You can see both classifiers do a pretty good job classifying texts as either "SPAM" or "HAM". Let's figure out which words are the most important to each class of texts! Recall that Inverse Document Frequency can help us determine which words are most important in an entire corpus or group of documents. 

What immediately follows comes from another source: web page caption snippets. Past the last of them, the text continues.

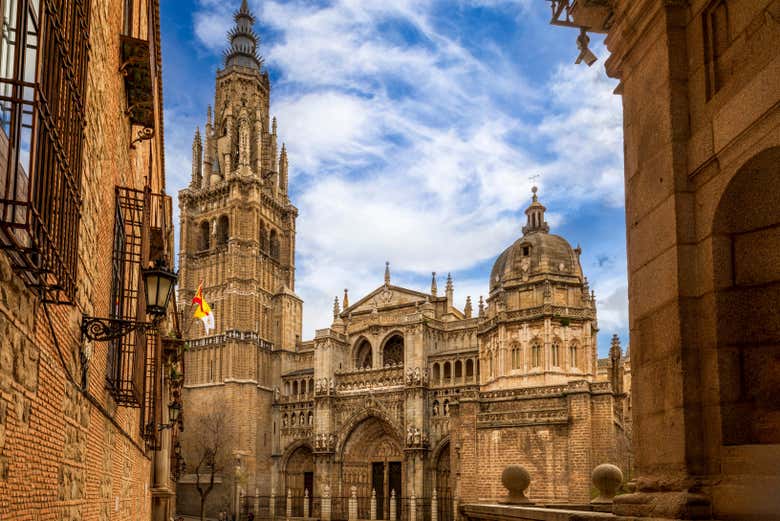 La facciata della Cattedrale di Toledo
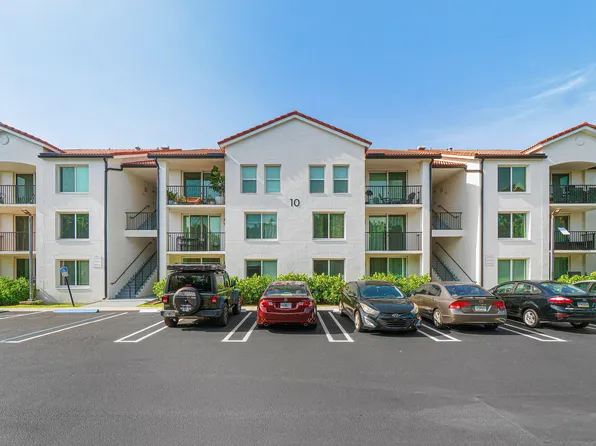1013 Villa Cir, Boynton Beach, FL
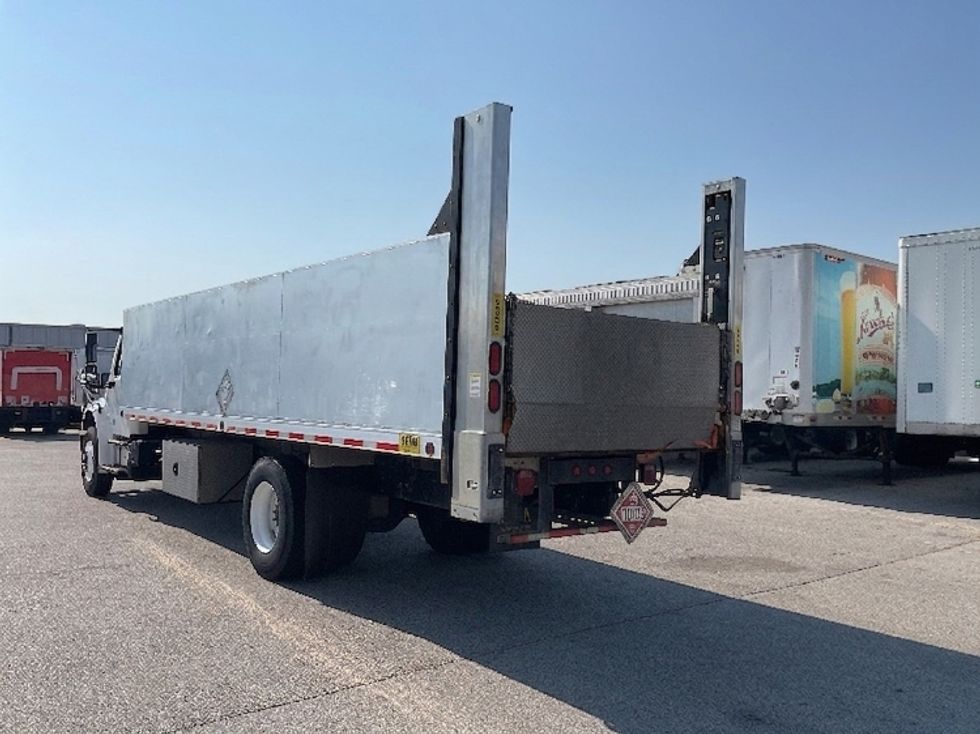 Other Truck-Light and Medium Duty Trucks-Freightliner-2018-M2-Moberly-MO-137,938\n\t\tmiles-$ 48,000 - Image 6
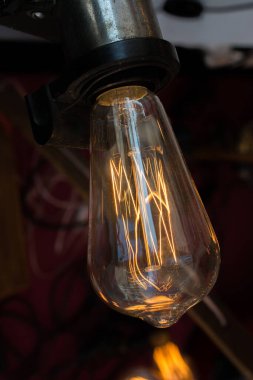 Dekoratif stil filament ampulleri görünürde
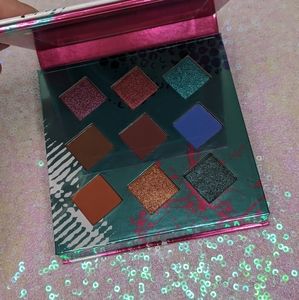 Living in color palette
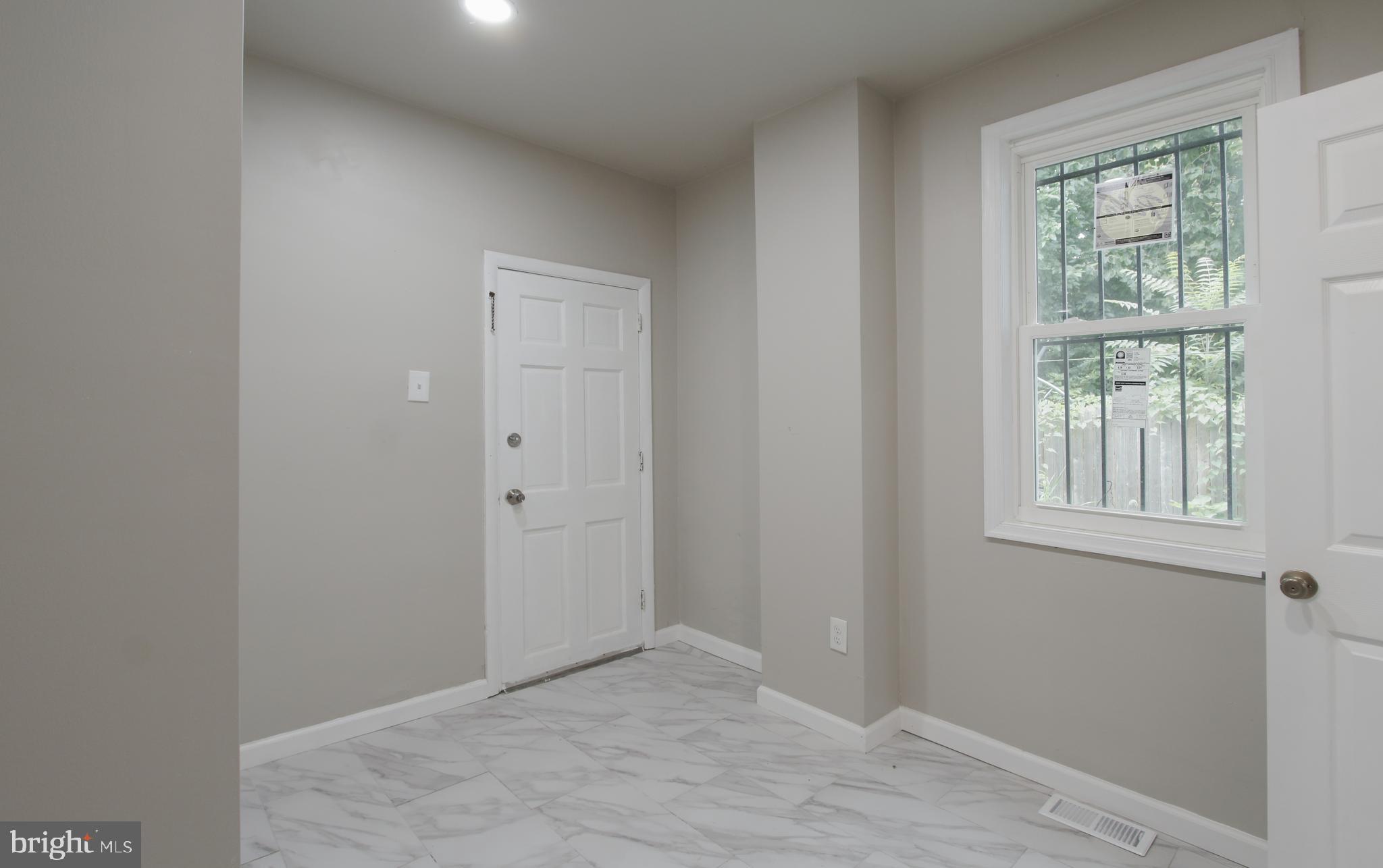 803 Mary Street Chester, PA 19013 - Photo 4 of 29 Entry Door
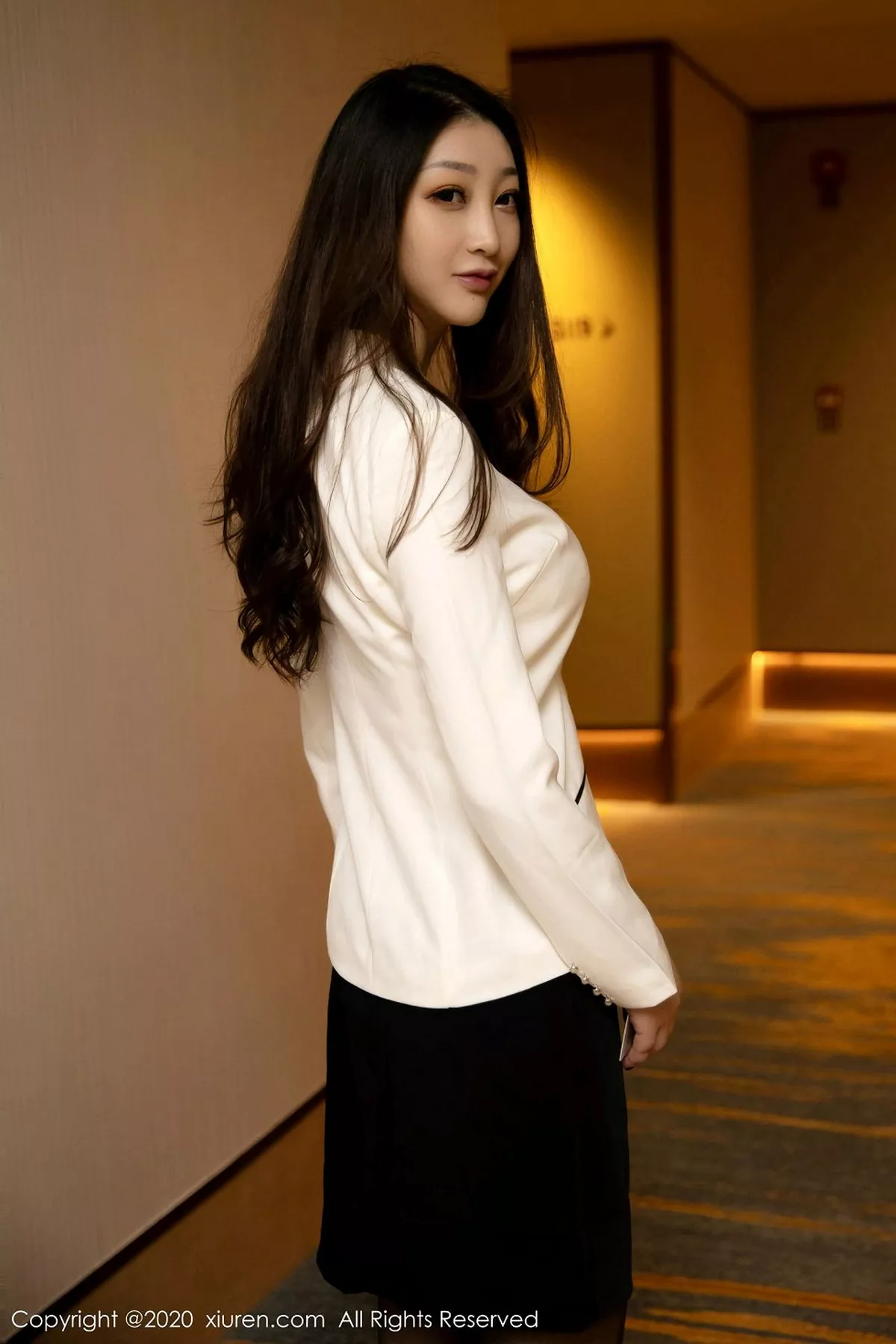 [XiuRen秀人网]第2880期妲己写真  第14张-《94零社区》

<b>3) Create a function that calculates the inverse document frequency (IDF) of each word in our collection of texts.</b>

In [10]:
def get_idf(class_, df, stopwords_list):
    docs = df[df.v1==class_].v2
    class_dict = {} 
    for doc in docs:
        words = set(doc.split())
        for word in words:
            if word.lower() not in stopwords_list: 
                class_dict[word.lower()] = class_dict.get(word.lower(), 0) + 1
    idf_df = pd.DataFrame.from_dict(class_dict, orient='index')
    idf_df.columns = ['IDF']
    idf_df.IDF = np.log(len(docs)/idf_df.IDF)
    idf_df = idf_df.sort_values(by="IDF", ascending=True)
    return idf_df.head(10)

In [11]:
get_idf('spam', df_messages, stopwords_list)

Unnamed: 0,IDF
call,2.277439
free,4.698113
txt,5.574627
2,5.746154
ur,6.073171
u,7.04717
text,7.114286
mobile,7.114286
claim,7.182692
reply,7.78125


In [12]:
get_idf('ham', df_messages, stopwords_list)

Unnamed: 0,IDF
u,7.310606
i'm,14.067055
get,17.481884
2,20.188285
got,22.133028
go,22.133028
&lt;#&gt;,22.546729
call,23.309179
like,23.309179
come,23.651961


### Explain
<b> 4) Imagine that the word "school" has the highest TF-IDF value in the second document of our test data. What does that tell us about the word school? </b>

In [None]:
# Answer: The word "school" is very unique. It is not found frequently across 
# many documents but its present in the second document meaning it has significant importance to this document.